Death of a President
Cast: Brian Boland, Becky Ann Baker
Direction: Gabriel Range
Right off, it arouses our curiosity - a speculative documentary on the 'assassination' of President George W. Bush in Chicago and the subsequent investigation.
The 'crime' remains unsolved. Is this disturbing? gripping? Or a head-scrambler?
All these actually, because director Range shoots Death of a President as a high-octane thriller. The 90-minute mockumentary has us absorbed even while the film's concept is faddishly provocative.
Earlier, the director had made The Day Britain Stopped, commenting on the UK's public transport system.
Surprisingly, Death... didn't set off the hue and cry incited by the works of Oliver Stone (JFK) and Michael Moore (Fahrenheit 9/11). <b1>
At most, a couple of cinema chains banned the 'antiPrez' film. Kevin Costner and Hillary Clinton made some churlish statements - without having seen the film, incidentally.

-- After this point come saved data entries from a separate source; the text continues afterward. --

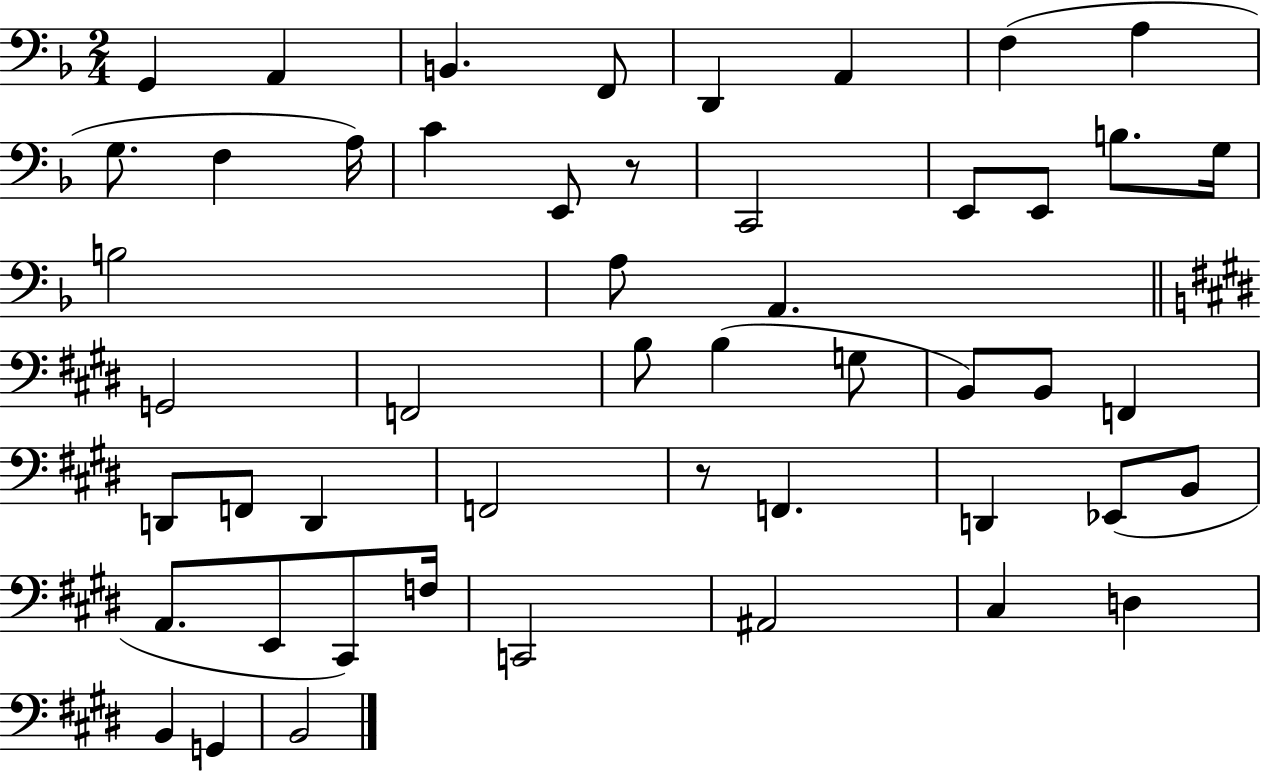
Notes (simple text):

G2/q A2/q B2/q. F2/e D2/q A2/q F3/q A3/q G3/e. F3/q A3/s C4/q E2/e R/e C2/h E2/e E2/e B3/e. G3/s B3/h A3/e A2/q. G2/h F2/h B3/e B3/q G3/e B2/e B2/e F2/q D2/e F2/e D2/q F2/h R/e F2/q. D2/q Eb2/e B2/e A2/e. E2/e C#2/e F3/s C2/h A#2/h C#3/q D3/q B2/q G2/q B2/h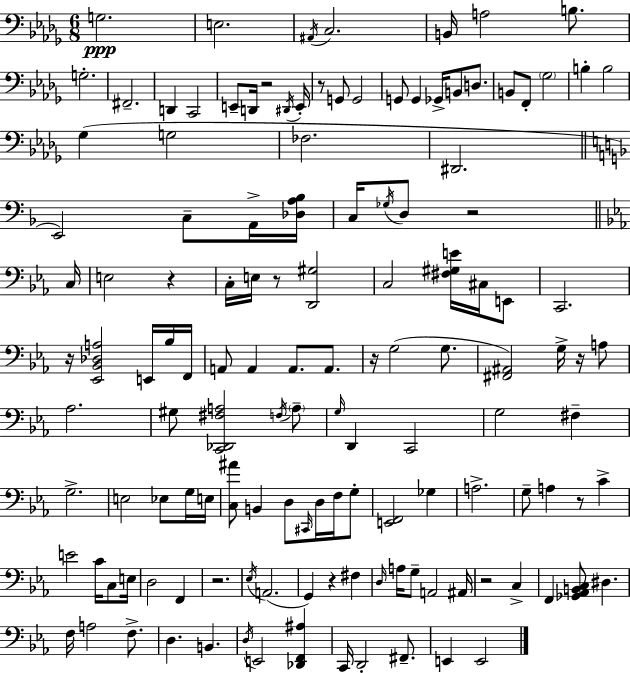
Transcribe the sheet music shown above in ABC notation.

X:1
T:Untitled
M:6/8
L:1/4
K:Bbm
G,2 E,2 ^A,,/4 C,2 B,,/4 A,2 B,/2 G,2 ^F,,2 D,, C,,2 E,,/2 D,,/4 z2 ^D,,/4 E,,/4 z/2 G,,/2 G,,2 G,,/2 G,, _G,,/4 B,,/2 D,/2 B,,/2 F,,/2 _G,2 B, B,2 _G, G,2 _F,2 ^D,,2 E,,2 C,/2 A,,/4 [_D,A,_B,]/4 C,/4 _G,/4 D,/2 z2 C,/4 E,2 z C,/4 E,/4 z/2 [D,,^G,]2 C,2 [^F,^G,E]/4 ^C,/4 E,,/2 C,,2 z/4 [_E,,_B,,_D,A,]2 E,,/4 _B,/4 F,,/4 A,,/2 A,, A,,/2 A,,/2 z/4 G,2 G,/2 [^F,,^A,,]2 G,/4 z/4 A,/2 _A,2 ^G,/2 [C,,_D,,^F,A,]2 F,/4 A,/2 G,/4 D,, C,,2 G,2 ^F, G,2 E,2 _E,/2 G,/4 E,/4 [C,^A]/2 B,, D,/2 ^C,,/4 D,/4 F,/4 G,/2 [E,,F,,]2 _G, A,2 G,/2 A, z/2 C E2 C/4 C,/2 E,/4 D,2 F,, z2 _E,/4 A,,2 G,, z ^F, D,/4 A,/4 G,/2 A,,2 ^A,,/4 z2 C, F,, [_G,,_A,,B,,C,]/2 ^D, F,/4 A,2 F,/2 D, B,, D,/4 E,,2 [_D,,F,,^A,] C,,/4 D,,2 ^F,,/2 E,, E,,2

The mock death of the 43rd President of the US (where four Presidents have been assassinated) is enacted outside Chicago's Sheraton Hotel surrounded by a huge crowd, protesting against Bush.
This is created through ingeniously edited 'live' footage spliced with clever hypothetical interviews, cautioning us that such an event could happen anytime, anywhere.

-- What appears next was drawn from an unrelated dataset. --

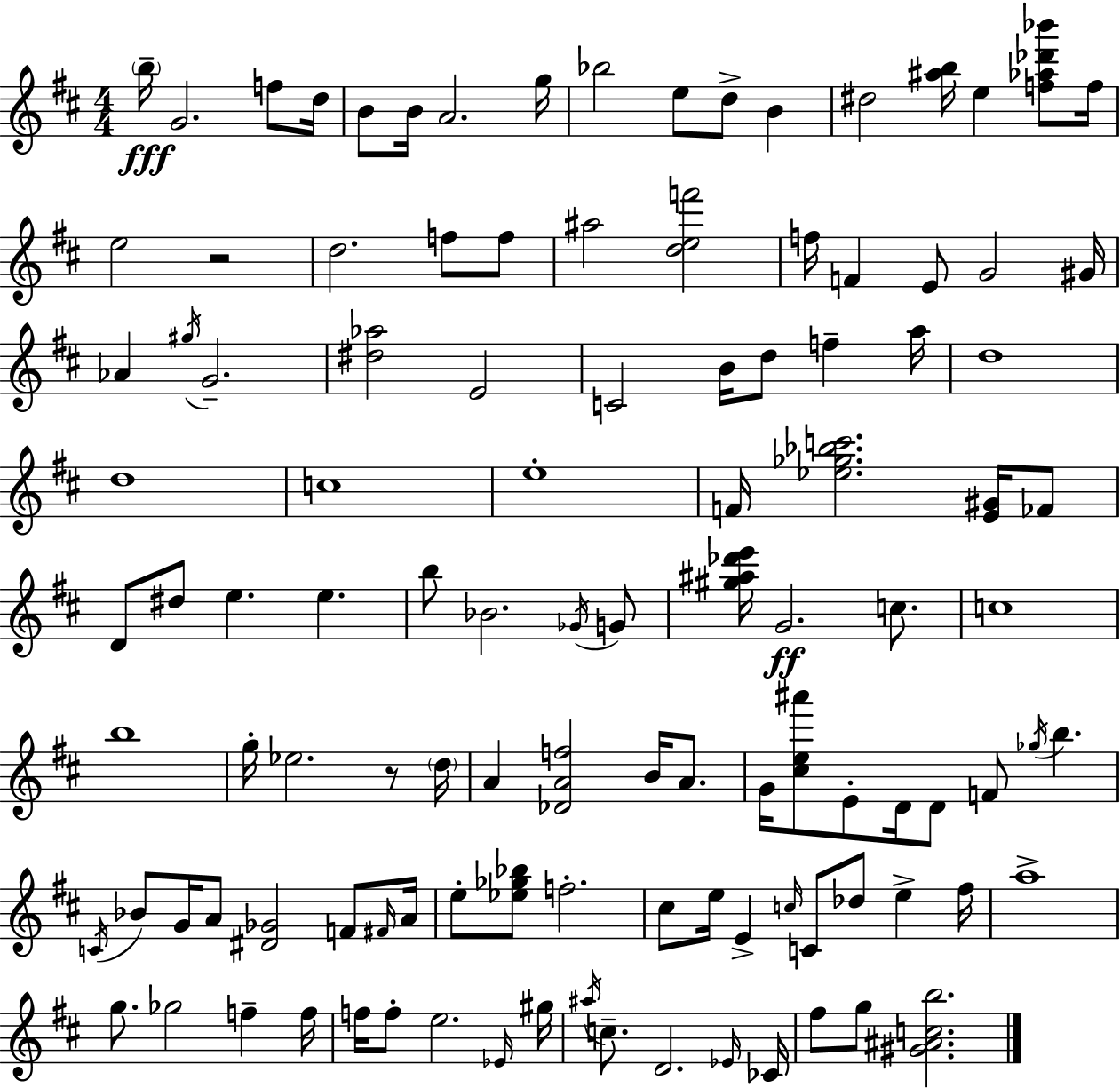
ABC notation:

The faux documentary, then, suggests that a nation already paranoid about surveillance could be subjected to a 'Patriot Act' which tramples upon the Bill of Rights. Plus, questions are also raised, inevitably, about the US-Iraq war.
That a film literally gets away with 'murder' is one reason for sampling this political 'fantasy'. The other reason is that it's so technically inventive that it's a primer in where cinema verite has gone today.